Batch task parallelism GPU usage

I am running a Batch job with tasks that uses the GPU. When the task parallelism is greater than 1, the gpu memory gets exhausted by the first task. What is the best practice for handling concurrent task that uses the GPU? How do I prevent container tasks from being schedule on the same VM? Or should I change the allocationPolicy to have more than one gpu and in the code set the visible gpu device per task?

"allocationPolicy": {
  "instances": [
    {
      "installGpuDrivers": true,
      "policy": {
        "machineType": "g2-standard-16",
        "accelerators": [
          {
            "type": "nvidia-l4",
            "count": 1
          }
        ]
      }
    }
  ]
}
1 Like

Hello @mt_ploc ,

Welcome to the Google Cloud Community!

Yes, you can modify your allocationPolicy to request 2 GPUs. This ensures the scheduler allocates a VM with enough GPUs for parallel tasks.

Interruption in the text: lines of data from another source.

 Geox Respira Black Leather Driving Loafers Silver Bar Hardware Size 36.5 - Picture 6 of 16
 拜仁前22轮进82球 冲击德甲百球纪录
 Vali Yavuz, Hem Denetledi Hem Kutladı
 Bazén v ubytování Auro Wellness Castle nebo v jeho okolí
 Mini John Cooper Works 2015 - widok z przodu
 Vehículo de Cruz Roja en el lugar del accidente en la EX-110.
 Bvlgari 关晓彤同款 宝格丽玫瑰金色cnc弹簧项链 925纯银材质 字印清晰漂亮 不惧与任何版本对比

Another option is to create affinity groups and assign them to your VMs. Configure your Batch job to schedule tasks only on VMs within a specific affinity group. This physically separates the VMs, ensuring the tasks run in isolation.

2 Likes

Alternatively, you can set taskCountPerNode=1 if you only want to put one task on a VM while still have parallelism > 1.

2 Likes